Comment 17 Michal Srb 2018-07-18 13:09:11 UTC
Thank you for the coredump. This is what is happening:

* gnome-session-check-accelerated checks if XDG_SESSION_TYPE is "wayland". If it would be, it would assume acceleration is working and exit early. But we are running in Xvnc, so not a wayland, so it goes further.

* It opens display using `gdk_display_get_default ()`. This returns general `GdkDisplay`, which can open both x11 or wayland.

* It calls `gdk_x11_get_xatom_by_name_for_display (display, ...)` on it. This function assumes that the display is GdkX11Display and casts it to it. But later it crashes because the data do not match GdkX11Display at all. If I cast it to GdkWaylandDisplay, the data start to make sense.

So the problem is that `gdk_display_get_default` opens some (?!) wayland display instead of the Xvnc's X display. Question remains why...
Comment 18 Michal Srb 2018-07-18 13:32:40 UTC
I just noticed that I had this in my /etc/gdm/custom.conf on my Tumbleweed testing machine:
  [daemon]
  WaylandEnable=false

If I remove that, I GDM running in Wayland mode and I can reproduce the bug as well. In theory GDM should be able to show X11 greeters to XDMCP clients (such as Xvnc) even if it is running in Wayland mode on seat0, so I will keep investigating.

You can use this setting as a workaround in case you are not using Wayland sessions.
Comment 19 Michal Srb 2018-07-18 15:13:58 UTC
Small correction: `gdk_display_get_default` just gives the already opened display. It was opened by `gdk_display_manager_open_display`.

The environment of the session contains these relevant variables:
  DISPLAY=::1:0
  XDG_SESSION_TYPE=x11

GDK is not using them when deciding which backend to use. It just iterates over all its backends (wayland, x11, broadway - in this order) and tries to open display using each of them. The wayland one calls `wl_display_connect`. The WAYLAND_DISPLAY variable is not set, so it tries the default "wayland-0". This one exists because of the GDM on seat0, so it is opened. The crash of gnome-session-check-accelerated follows. Even if that would not crash, all GTK applications would be displaying on seat0 instead of VNC.

This isn't only VNC problem. There is easier way to reproduce the issue:
1) Start any X11-based session. For example Gnome on Xorg.
2) As the same user, start any wayland compositor. For example a windowed
   weston.
3) In the X11 session attempt to start any GDK application.
4) Surprise, the application shows window inside the Wayland session, not in
   the X11 session where it was started.

This has to be fixed in GTK. I opened upstream bug:
https://gitlab.gnome.org/GNOME/gtk/issues/1224

Qt for example respects the XDG_SESSION_TYPE variable.
Comment 20 Sergio Lindo Mansilla 2018-07-18 15:27:11 UTC
ok, thanks for the workaround :)
Comment 21 Michal Srb 2018-07-30 08:57:55 UTC
Created attachment 778330 [details]
Choose backend based on current XDG_SESSION_TYPE.
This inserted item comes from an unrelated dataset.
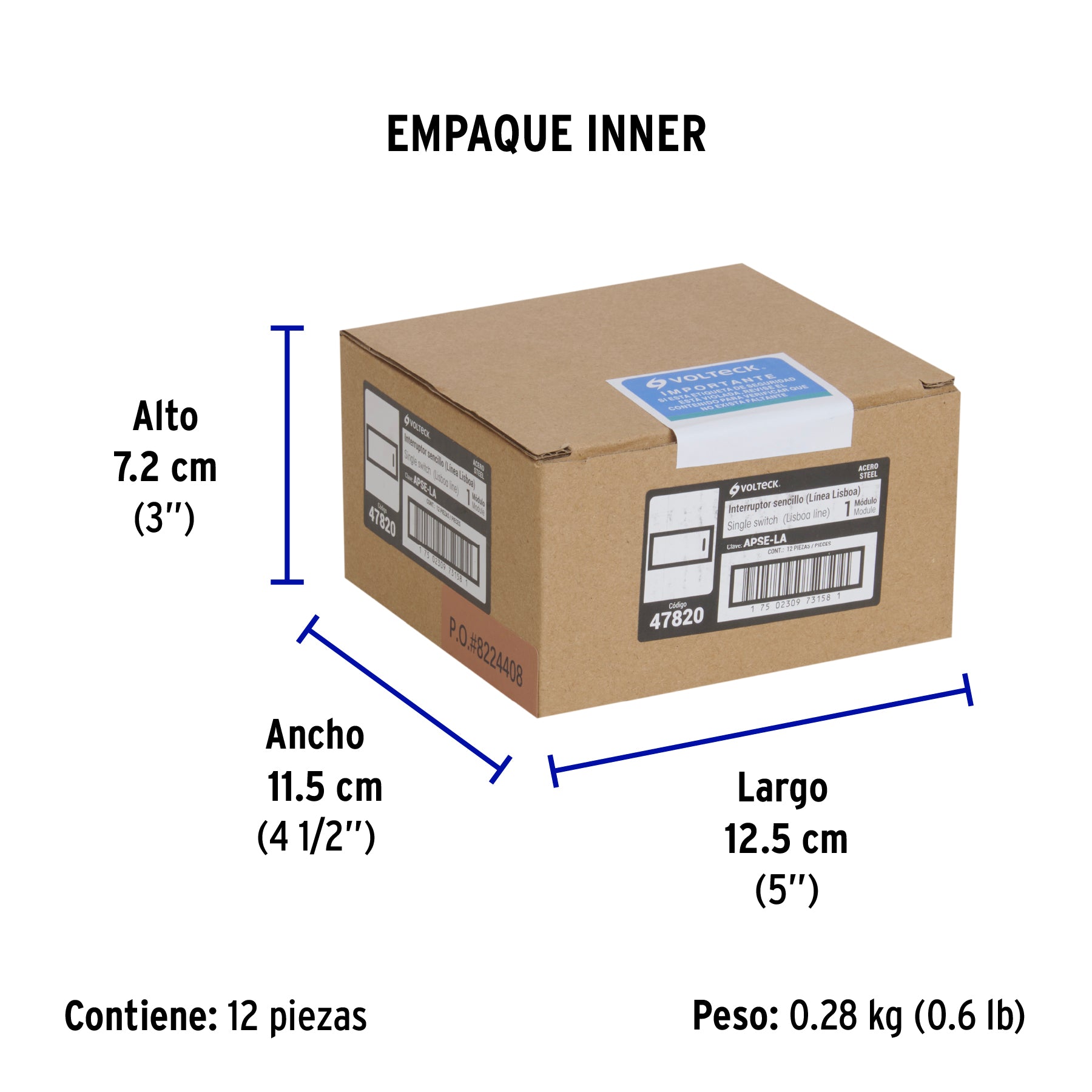 Interruptor sencillo acero inox de 1 módulo, línea Lisboa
This patch implements the fix in GTK same as Qt done.
Comment 22 Michal Srb 2018-07-30 09:07:07 UTC
The solution to read the XDG_SESSION_TYPE variable to determine the preferred backend has met lot of resistance in the Gnome bug. I honestly do not understand why. No other solutions were proposed.
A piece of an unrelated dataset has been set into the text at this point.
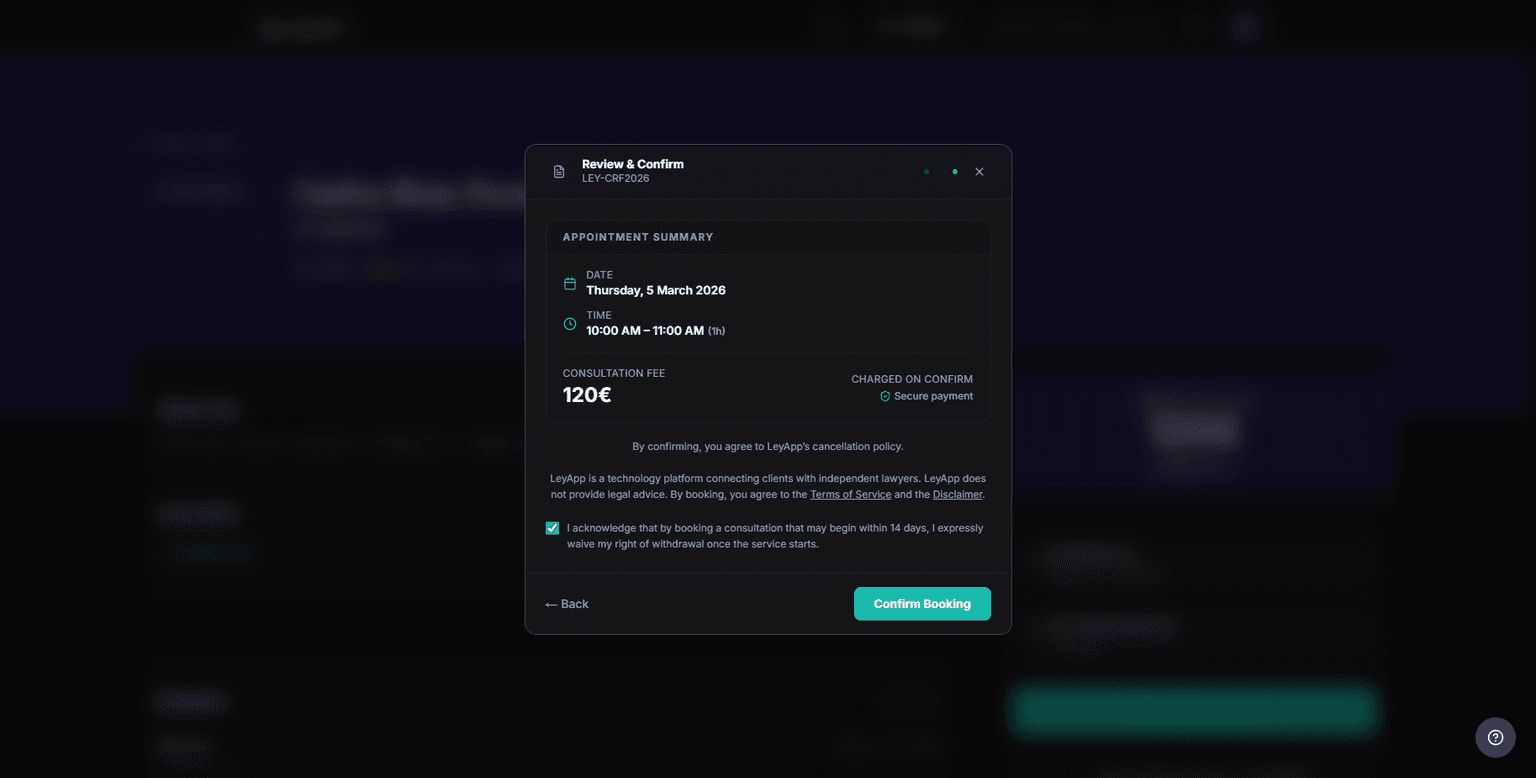Booking form screenshot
This is a real problem and we need to have it fixed. This is reproducible in Leap 15 and SLE15 as well. The VNC and X are working as expected, the problem is in GTK, so I am reassigning this to Gnome team. Sorry for throwing it on you, but I don't think there is more I can do. I think everything is described here and in the Gnome bug, but if you have any questions, feel free to ask.
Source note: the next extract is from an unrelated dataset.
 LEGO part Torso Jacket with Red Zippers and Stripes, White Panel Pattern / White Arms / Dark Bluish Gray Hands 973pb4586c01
The patch attached above fixes the issue. I would be in favor of putting it in our gtk3 package, but be aware that upstream does not appear to like it.
Comment 23 Michal Srb 2019-03-12 14:52:54 UTC
Good news, there is progress in the upstream bug. A second bug was opened in order to have just the problem description alone without my proposed solution:
https://gitlab.gnome.org/GNOME/gtk/issues/1741

And it seems that the same solution was chosen in the end... So once there is a final patch, you can replace my temporary one with it.